I’ve often found, with the music that I love, it’s the quieter artists who say the most whenever the world feels unkind. Not with their slogans but by tuning into a shared unease the rest of us can barely name. Sometimes you just need to know where, and how, to listen.

Dragging A Dead Deer

Multi-instrumentalist Liz Harris, under her Grouper alias, emerged from the mists of ambient drone experimentation with Dragging a Dead Deer Up a Hill (2008). This was her fifth album, an open wound disguised as lullabies. She strips back the denser fog of her earlier work but retains the soft veils of reverb. It’s more than a little haunting. Acoustic guitar and piano guide us gently through a thicket of barely audible memories. “Heavy Water / I’d Rather Be Sleeping” sounds like a hymn remembered through grief. Harris doesn’t sing to us so much as near us, her voice flickering in and out like light peeking through tree leaves. “Invisible” is the closest thing to an actual song and it’s delicately beautiful, in contrast to “When We Fail,” so light and airy it barely occupies space. Tracks bleed at the edges into one another, not from apathy, but from an insistence that life isn’t so rigid, it’s malleable with the seasons, with moods. The tired sounding wisdom at its core transforms into calm endurance.

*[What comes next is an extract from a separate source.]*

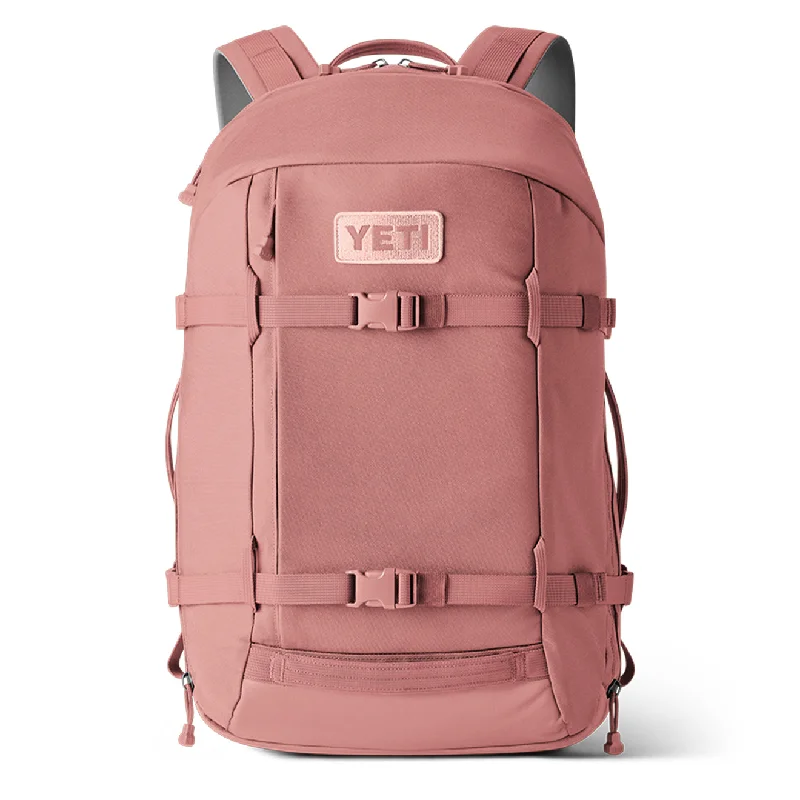 Vintage-inspired backpack with brass buckle details -YETI Crossroads 27L Backpack Sandstone Pink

Ethel Cain Album Review — 'Perverts' - InBetweenDrafts

Ethel Cain’s Perverts (2025) arrived as a passion project, standing alone, outside the dense lore of her Preacher’s Daughter debut. Cain whispers too but primarily she stalks us. Harris peered inward, whereas Cain reached out and touched the electric fences, curling her fingers through its links. Her world is part southern gothic séance, part apocalyptic dirge. The industrialised hum of field recordings, hymnal fragments, and unsettling confessions fester within their own murkier realm. “Punish” opens with a fragile piano and ends in an unholy collapse. “Housofpsychoticwomn” is oppressively claustrophobic and “Amber Waves” is a beautifully soft attempt at imbuing hope. But there are no pop-adjacent moments here, just existential dread and sacred decay. Her outsider folk incantations refract pain and ultimately give some form of catharsis. She shares her own nightmares by pushing ambient minimalism towards emotional maximalism and we feel these songs like heavy weights on the chest, like emerging from drowning water and taking that hard, first breath. Neither album simply passes the time. They both mark it, slowing it down. They acknowledge the world’s hurt in detail and prepare the way for healing.